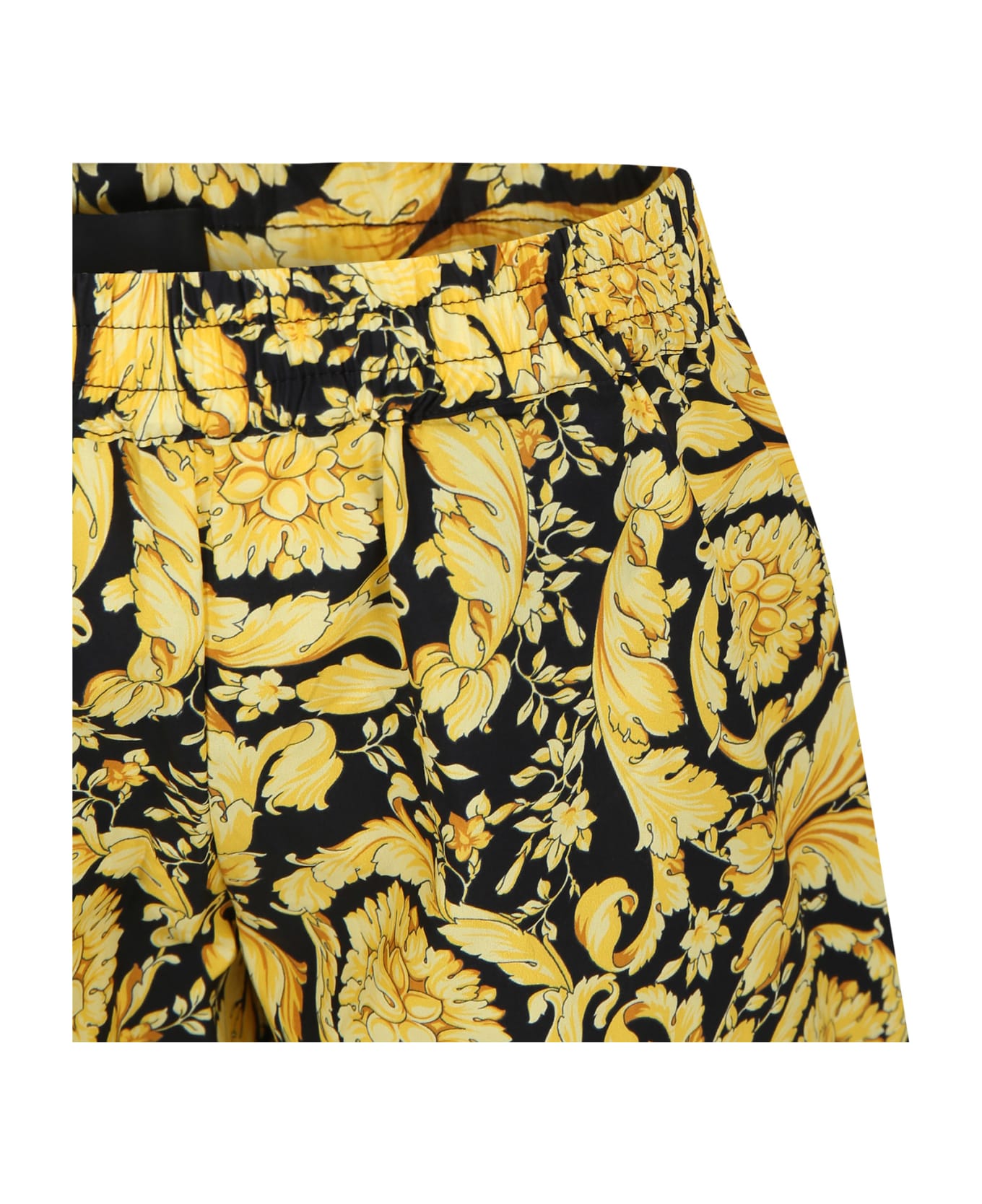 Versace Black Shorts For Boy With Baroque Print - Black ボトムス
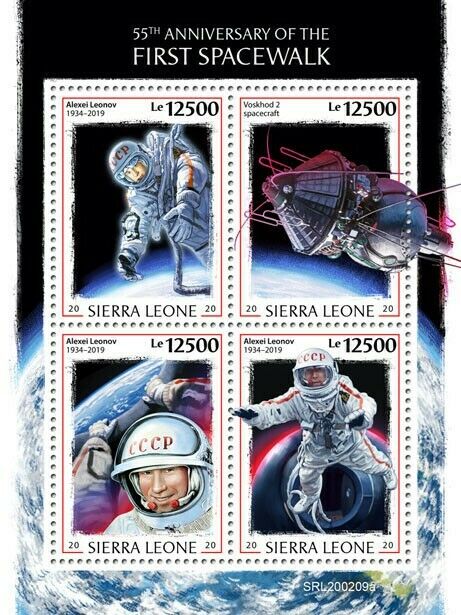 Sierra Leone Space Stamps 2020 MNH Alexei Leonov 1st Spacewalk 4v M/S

··········

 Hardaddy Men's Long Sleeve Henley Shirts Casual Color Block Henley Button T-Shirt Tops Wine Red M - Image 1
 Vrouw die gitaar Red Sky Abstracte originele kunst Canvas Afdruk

··········

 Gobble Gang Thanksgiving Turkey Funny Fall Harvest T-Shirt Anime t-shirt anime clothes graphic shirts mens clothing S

··········

[WHAT IS BEING ASKED]: From the material above, tally every line that includes the word "Shirt" and state the count only.

[SOLUTION]: 2